Gece Çalışmak, Sağlık Emekçilerinin Sağlığını Bozuyor!
Prof. Dr. Ercan Küçükosmanoğlu
Sağlık emekçileri, işlerinin doğası gereği 7 gün 24 saat çalışmak zorundadır. Bu nedenle nöbet şeklinde ya da vardiya usulünde gece çalışması yapılmaktadır.
Gece çalışması sağlık açısından pek çok risk taşımaktadır. Gece çalışması yapanların kansere ve kalp damar hastalıklarına daha sık yakalandıkları, ortalama yaşam sürelerinin kısaldığı yapılan bilimsel araştırmalar ile ortaya konmuştur. Bu araştırmalardan en önemlilerinden birisi de Nobel ödüllü Bilim İnsanımız Aziz Sancar’ın araştırmasıdır. Aziz Sancar araştırmasında, geceleri vücut için çok önemli olan DNA tamirinin yapılamadığını göstermiştir.
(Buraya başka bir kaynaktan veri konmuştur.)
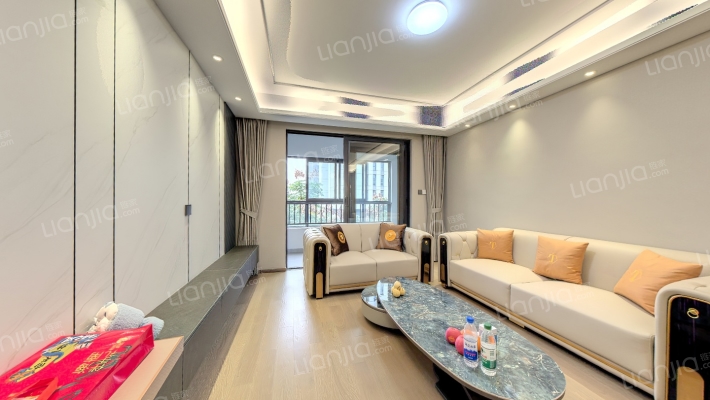 栖樾府二手房实景图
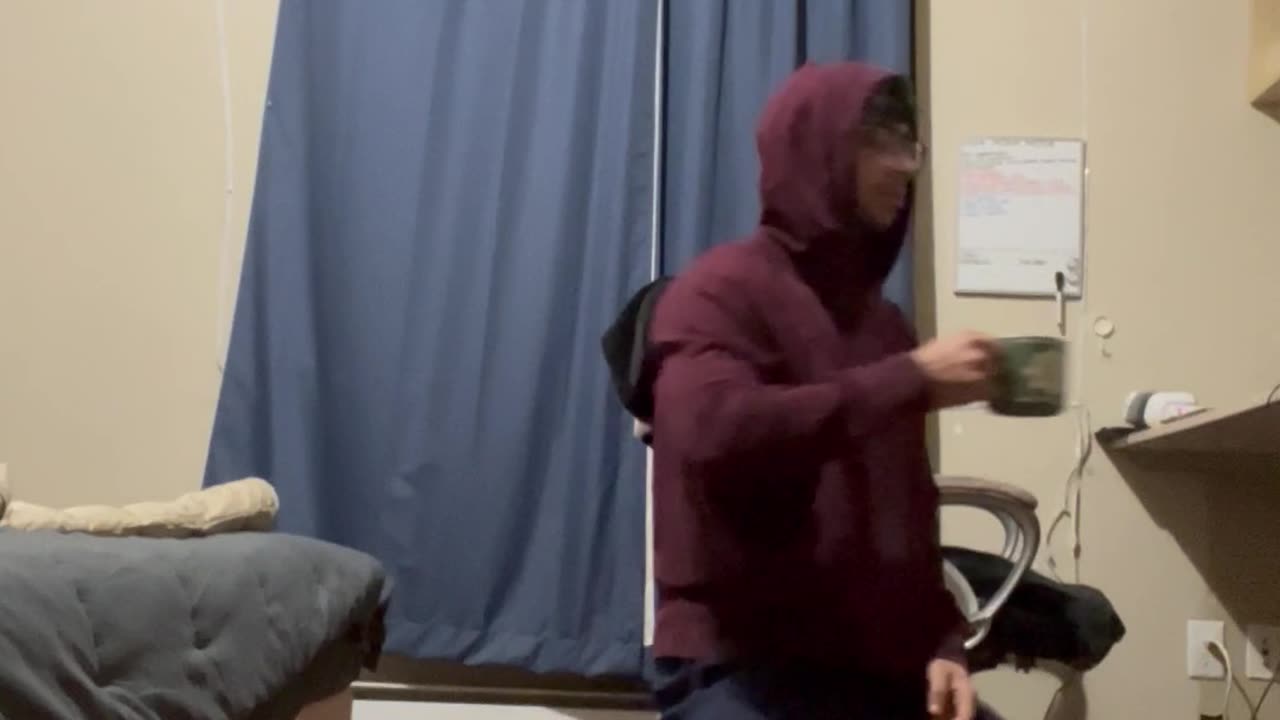 100 pushups in exchange for a copy review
Gece çalışması pek çok sağlık riski taşır iken, sağlık çalışanlarının ücretleri hesaplanırken, gece çalışmasıyla gündüz çalışması arasında bir fark yoktur. Sağlık emekçisi gece çalışmasını nöbet şeklinde yapıyor ise, saatlik ücreti normal mesai ücretinin 1/3-1/4’ü arasında olmaktadır. İşyerlerimizdeki Taşeron düzeninde, 4/D çalışma düzeninde çalışan işçi arkadaşlarımız ise gece mesailerini zamlı olarak almaktadırlar. Bu nedenle işçi arkadaşların aylık maaşları, hemşire arkadaşlarımızı geçebilmektedir. Başta Avrupa olmak üzere dünyanın pek çok ülkesinde gece çalışması zamlı olarak ücretlendirmektedir.
Ülkemizde kamu işyerlerinde işçi-memur ayrımı 1970’li yıllardan beri sürmektedir. Olması gereken, kamu sağlık kurumlarında tüm çalışanların aynı statüde çalışmasıdır. Kamu çalışanlarının Grev hakları var ama toplusözleşme hakları sınırlıdır. Sarı sendikacılığın egemen olduğu, iktidarın borusunu çalan yetkili sendikanın (Memur-Sen, Sağlık-Sen) sağlık emekçilerinin hakkını savunma durumu yoktur. Bugün pek çok hastanede Sağlık-Sen yöneticileri aynı zamanda hastane yöneticisidir. Hastanelerde kendi üyelerini gündüz çalışılan yerlere yerleştirmekle meşguldürler.
Kamu çalışanları sendikalarını 1990’larda fiili olarak kurduğumuzda, önümüzdeki konulardan biri de nöbet ücretlerimiz idi. O yıllarda SSK hastaneleri dışında çalışanlara nöbet ücreti verilmiyordu. SSK Hastanelerinde ise fazla mesai şeklinde nöbet ücreti veriliyor idi. İstanbul Tabip Odası Asistan Hekim Komisyonu olarak bu konuda, toplu nöbet eylemleri yapmıştık. Bu eylemler sonrasında nöbet ücretlerimiz az da olsa ödenmeye başlamıştı. Başlangıçta merkezi bütçeden ödenen nöbet ücretleri sonradan, hastane döner sermayesinden ödenmeye başladı.
Günümüzde Sağlık emekçilerinin çok somut olan talebi, gece çalışmasının gündüz mesaisine göre iki katı olarak ücretlendirilmesidir. Gece-gündüz aralıksız verilen bir hizmette aksama olmamalıdır. Gece çalışmak çok ciddi bir özveridir. Sağlık emekçileri gece çalışarak, hastalara sağlık verir iken, kendi sağlıklarının bozulmasının yolu açılmaktadır.
Sağlık Emekçileri olarak bu haklı ve somut talebimiz için grev dahil her türlü mücadele yöntemini kullanmalı ve hakkımızı almalıyız.